Material provided:
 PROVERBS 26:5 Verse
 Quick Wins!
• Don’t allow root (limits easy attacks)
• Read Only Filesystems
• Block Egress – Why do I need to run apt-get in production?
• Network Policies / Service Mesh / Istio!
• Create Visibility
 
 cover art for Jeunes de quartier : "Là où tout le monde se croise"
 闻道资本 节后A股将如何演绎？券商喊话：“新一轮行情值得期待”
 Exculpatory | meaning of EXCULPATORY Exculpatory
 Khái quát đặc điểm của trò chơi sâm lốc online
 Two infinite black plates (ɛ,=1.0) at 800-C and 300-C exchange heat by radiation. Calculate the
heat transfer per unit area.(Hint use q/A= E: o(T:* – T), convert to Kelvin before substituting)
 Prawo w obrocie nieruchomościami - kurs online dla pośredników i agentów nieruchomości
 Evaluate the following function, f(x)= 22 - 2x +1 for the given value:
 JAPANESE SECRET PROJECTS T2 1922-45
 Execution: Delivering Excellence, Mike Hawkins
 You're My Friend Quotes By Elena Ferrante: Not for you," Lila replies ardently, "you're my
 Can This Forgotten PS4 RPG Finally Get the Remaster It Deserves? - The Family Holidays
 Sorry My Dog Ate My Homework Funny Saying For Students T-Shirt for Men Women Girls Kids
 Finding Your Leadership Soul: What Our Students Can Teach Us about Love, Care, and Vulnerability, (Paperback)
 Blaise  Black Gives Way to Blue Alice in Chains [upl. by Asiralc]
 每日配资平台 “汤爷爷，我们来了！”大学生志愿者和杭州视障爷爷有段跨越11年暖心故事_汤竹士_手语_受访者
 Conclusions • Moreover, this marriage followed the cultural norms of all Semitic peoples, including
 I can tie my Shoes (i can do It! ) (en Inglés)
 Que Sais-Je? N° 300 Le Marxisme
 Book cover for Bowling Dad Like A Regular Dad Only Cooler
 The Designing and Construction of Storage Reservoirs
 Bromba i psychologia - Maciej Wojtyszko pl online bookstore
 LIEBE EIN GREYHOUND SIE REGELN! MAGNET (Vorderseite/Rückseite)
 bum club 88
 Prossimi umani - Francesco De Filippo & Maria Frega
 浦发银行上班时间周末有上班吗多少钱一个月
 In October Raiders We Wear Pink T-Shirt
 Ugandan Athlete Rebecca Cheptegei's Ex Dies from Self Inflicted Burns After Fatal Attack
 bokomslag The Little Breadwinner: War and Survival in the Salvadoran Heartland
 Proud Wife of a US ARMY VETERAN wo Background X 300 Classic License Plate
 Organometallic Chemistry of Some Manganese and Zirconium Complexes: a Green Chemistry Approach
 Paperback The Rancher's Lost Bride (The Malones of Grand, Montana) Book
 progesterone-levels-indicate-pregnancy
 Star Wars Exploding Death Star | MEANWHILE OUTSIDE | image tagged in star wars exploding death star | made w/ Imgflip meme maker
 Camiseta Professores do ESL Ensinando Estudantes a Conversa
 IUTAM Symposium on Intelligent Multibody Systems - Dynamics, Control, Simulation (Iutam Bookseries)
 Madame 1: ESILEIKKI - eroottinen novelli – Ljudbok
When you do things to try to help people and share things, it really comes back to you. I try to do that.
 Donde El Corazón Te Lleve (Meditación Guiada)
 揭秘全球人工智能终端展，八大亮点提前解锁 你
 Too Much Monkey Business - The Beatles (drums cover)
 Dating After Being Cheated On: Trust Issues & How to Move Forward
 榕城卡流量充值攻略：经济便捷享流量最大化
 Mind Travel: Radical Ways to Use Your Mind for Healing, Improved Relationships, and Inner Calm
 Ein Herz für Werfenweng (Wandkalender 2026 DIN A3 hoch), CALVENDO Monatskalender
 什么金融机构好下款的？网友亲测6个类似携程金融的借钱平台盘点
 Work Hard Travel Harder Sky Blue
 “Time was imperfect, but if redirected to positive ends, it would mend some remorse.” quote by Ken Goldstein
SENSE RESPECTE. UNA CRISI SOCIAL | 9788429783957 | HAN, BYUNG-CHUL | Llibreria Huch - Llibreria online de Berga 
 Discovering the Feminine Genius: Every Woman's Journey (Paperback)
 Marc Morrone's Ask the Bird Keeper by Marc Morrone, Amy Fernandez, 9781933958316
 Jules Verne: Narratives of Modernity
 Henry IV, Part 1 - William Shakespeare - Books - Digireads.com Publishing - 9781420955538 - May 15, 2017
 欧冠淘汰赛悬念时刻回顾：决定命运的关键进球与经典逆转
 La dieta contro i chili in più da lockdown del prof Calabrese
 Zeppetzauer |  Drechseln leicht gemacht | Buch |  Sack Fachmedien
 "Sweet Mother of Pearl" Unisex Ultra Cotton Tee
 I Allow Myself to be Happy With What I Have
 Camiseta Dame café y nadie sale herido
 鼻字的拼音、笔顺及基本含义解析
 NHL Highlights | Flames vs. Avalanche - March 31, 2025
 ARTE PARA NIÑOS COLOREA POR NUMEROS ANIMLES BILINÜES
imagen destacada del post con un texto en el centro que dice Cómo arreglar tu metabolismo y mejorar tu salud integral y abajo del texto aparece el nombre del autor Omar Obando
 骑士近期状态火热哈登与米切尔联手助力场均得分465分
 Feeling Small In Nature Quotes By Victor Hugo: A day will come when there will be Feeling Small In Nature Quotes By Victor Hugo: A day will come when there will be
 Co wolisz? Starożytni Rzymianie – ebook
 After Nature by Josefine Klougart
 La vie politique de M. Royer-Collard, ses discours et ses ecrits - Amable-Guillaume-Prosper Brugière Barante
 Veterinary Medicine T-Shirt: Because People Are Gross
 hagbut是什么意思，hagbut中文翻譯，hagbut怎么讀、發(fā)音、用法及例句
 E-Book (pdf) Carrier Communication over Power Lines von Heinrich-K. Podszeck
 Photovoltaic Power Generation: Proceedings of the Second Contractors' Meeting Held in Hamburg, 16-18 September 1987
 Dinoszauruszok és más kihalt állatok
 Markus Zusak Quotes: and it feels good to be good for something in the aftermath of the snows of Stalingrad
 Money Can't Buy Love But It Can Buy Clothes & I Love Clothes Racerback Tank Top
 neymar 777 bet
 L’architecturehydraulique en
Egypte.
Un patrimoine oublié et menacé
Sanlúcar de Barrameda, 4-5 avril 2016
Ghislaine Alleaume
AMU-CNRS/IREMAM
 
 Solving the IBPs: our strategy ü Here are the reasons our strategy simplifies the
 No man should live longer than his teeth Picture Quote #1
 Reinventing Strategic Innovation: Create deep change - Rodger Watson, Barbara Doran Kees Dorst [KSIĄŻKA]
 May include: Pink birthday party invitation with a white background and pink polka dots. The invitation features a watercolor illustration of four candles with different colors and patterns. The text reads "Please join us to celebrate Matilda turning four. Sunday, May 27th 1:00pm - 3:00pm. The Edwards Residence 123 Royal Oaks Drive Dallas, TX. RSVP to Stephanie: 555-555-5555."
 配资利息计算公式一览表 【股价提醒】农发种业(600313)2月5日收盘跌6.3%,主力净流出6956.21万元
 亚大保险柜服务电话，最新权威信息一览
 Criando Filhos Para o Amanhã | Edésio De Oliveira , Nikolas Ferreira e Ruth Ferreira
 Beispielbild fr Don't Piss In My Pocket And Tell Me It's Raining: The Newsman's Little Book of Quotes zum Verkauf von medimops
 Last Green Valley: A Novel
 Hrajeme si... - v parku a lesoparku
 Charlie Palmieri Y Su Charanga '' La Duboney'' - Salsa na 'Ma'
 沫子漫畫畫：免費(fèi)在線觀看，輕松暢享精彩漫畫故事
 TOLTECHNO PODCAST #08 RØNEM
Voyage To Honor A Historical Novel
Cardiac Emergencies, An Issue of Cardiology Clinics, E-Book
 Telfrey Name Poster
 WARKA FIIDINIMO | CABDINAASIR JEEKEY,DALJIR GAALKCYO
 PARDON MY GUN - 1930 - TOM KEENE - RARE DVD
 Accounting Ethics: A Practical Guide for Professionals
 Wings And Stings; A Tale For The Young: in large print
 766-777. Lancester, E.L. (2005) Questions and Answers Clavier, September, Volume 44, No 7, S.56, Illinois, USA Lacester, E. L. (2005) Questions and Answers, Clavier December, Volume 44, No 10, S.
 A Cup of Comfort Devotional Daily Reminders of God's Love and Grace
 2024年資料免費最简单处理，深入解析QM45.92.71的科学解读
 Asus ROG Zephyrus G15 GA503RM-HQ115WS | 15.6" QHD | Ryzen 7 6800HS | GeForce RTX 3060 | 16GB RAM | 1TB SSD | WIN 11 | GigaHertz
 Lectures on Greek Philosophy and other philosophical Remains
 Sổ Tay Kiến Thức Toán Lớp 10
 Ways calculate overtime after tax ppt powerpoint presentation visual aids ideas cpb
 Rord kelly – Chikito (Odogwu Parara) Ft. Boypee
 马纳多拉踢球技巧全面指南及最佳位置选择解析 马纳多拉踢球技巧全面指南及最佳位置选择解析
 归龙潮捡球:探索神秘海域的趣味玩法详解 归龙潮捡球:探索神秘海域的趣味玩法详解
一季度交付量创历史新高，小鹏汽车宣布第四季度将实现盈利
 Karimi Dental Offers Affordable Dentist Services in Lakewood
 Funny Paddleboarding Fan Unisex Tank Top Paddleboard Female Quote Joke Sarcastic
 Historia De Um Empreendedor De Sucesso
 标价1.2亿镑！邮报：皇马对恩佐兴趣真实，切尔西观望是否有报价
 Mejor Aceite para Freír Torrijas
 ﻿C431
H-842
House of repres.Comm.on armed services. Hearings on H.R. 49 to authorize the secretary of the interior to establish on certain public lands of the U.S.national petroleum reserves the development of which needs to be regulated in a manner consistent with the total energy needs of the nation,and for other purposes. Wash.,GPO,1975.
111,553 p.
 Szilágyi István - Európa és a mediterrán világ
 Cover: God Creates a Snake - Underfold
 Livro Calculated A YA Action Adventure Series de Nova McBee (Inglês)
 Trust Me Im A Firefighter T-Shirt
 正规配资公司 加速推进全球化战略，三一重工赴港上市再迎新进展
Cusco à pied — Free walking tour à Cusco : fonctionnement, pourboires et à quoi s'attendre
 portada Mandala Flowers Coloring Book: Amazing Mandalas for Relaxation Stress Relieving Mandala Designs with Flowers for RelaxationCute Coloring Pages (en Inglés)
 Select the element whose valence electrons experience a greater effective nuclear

Activity: Make a copy of each line in the records that has the word "Your".

Solution for this problem:
 Finding Your Leadership Soul: What Our Students Can Teach Us about Love, Care, and Vulnerability, (Paperback)
 Mind Travel: Radical Ways to Use Your Mind for Healing, Improved Relationships, and Inner Calm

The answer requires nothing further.